Minha teoria diz que, com o tempo, essa preocupação exagerada é transferida por osmose psíquica dos pais para os filhos. Essas crianças contagiadas pela preocupação começam a temer que o mundo não seja um lugar seguro e que ninguém - nem mesmo seus pais - poderá protegê-los dos muitos perigos. Em termos da filosofia, são medos existenciais; atingem o núcleo do inalienável direito da criança à sensação de bem-estar. Assim sendo, muitas das crianças de hoje trazem consigo todo tipo de ansiedade para a escola, incluindo a ansiedade quanto ao próprio desempenho, ansiedade diante das provas, ansiedade de ficar separadas dos pais, varias manifestações de ansiedade social e, é claro, a ansiedade em relação à própria escola em si.

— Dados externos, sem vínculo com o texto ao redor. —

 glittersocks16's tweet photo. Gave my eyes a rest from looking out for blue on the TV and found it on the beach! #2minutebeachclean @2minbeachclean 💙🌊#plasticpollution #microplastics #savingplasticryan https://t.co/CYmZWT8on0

Aqueles que enxergam o comportamento dos pais americanos a partir da perspectiva externa - incluindo eu e a maioria dos membros da minha geração - podem ver claramente os efeitos dessa preocupação paterna onipresente. Uma mulher do leste europeu, por exemplo, me disse que, do relaxado ponto de vista dos pais de sua cultura, a principal força que impulsiona as mães americanas é o medo. Bingo! No geral, é o medo de que, se a mãe não estiver constantemente envolvida e vigilante, algo dará errado e, nesse caso, o "algo errado" será apocalíptico.

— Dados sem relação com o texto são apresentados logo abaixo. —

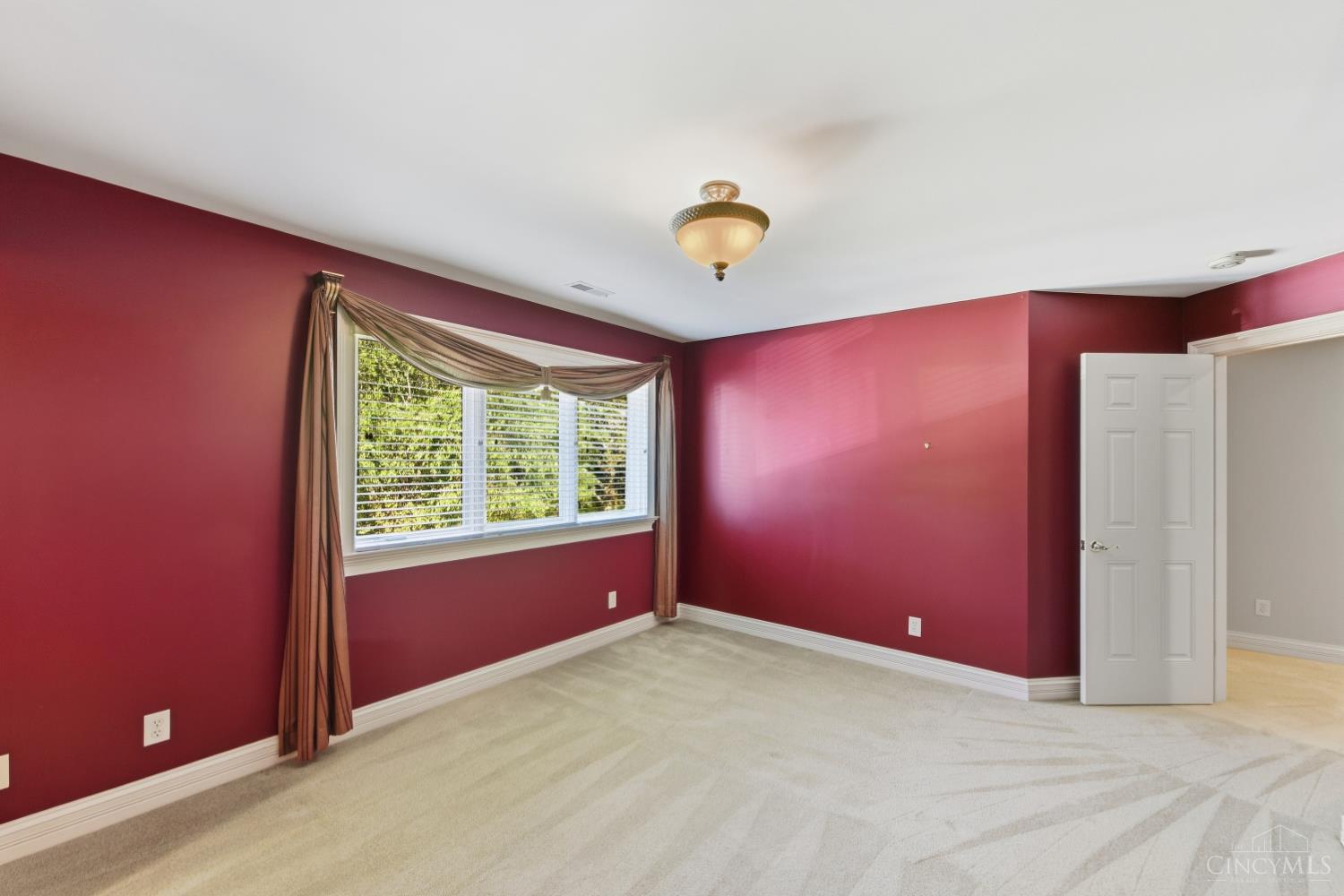 7096 Hollywood Drive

Esta ansiedade onipresente não se limita às crianças mais novas. Recentemente, uma mãe me perguntou o que fazer com o filho que tira notas B e C nas aulas para estudantes acima da média do ensino médio. O que fazer? Que tal não fazer nada, agradecer pelo que a vida tem de bom e deixar o assunto para lá? Esse adolescente está começando a desenvolver um quadro de ansiedade. A mãe não para de importuná-lo com a questão das notas. Será que existe um elo entre as duas coisas? Eis o apocalipse vislumbrado pela mãe: ela teme que o filho não consiga entrar na faculdade "certa", seja qual for. Assim como ocorreu com muitas pessoas razoavelmente bem sucedidas, eu não frequentei a faculdade "certa", mas a Universidade Western Illinois não me pareceu ser nada má. Como qualquer pessoa que tenha participado de uma reunião de ex-colegas do ensino médio pode atestar, o sucesso que alcançamos na vida não depende da faculdade que frequentamos (exceção feita a um punhado de profissões altamente esotéricas).

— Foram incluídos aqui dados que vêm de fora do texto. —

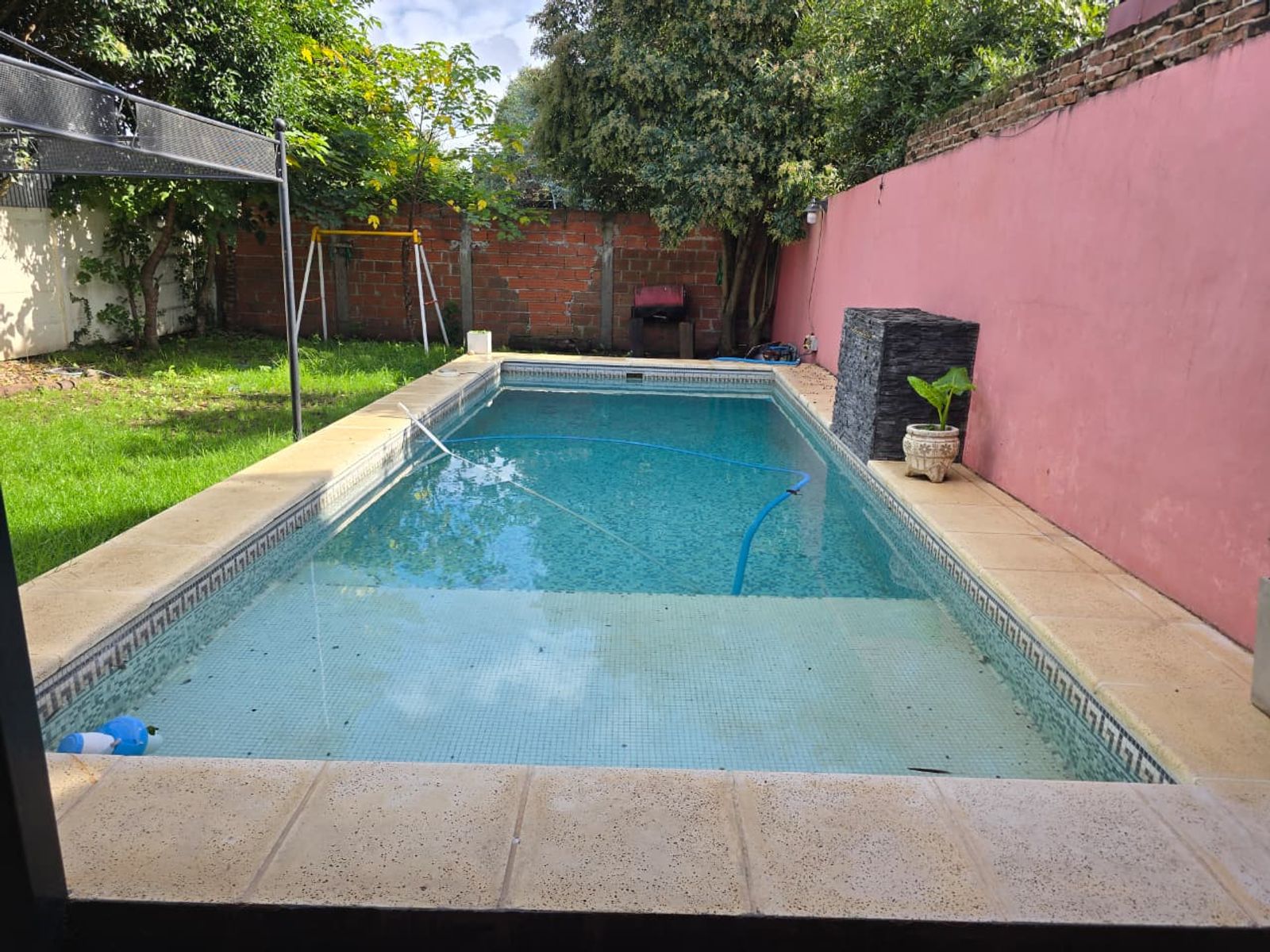 ALQUILER DE CASA 4 AMBIENTES CON PILETA DE NATACION - MONTE GRANDE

Eu disse a ela para deixar o filho em paz, entregue aos próprios recursos; era melhor parar de monitorar diariamente as notas dele e, se possível, melhor seria simplesmente não monitorá-lo. (A essa altura, eu poderia começar uma longa queixa contra os sites de escolas que incentivam os pais a gerenciar microscopicamente cada aspecto da vida dos filhos, mas não temos espaço para isso. Basta dizer que essa é uma de minhas queixas mais magníficas.)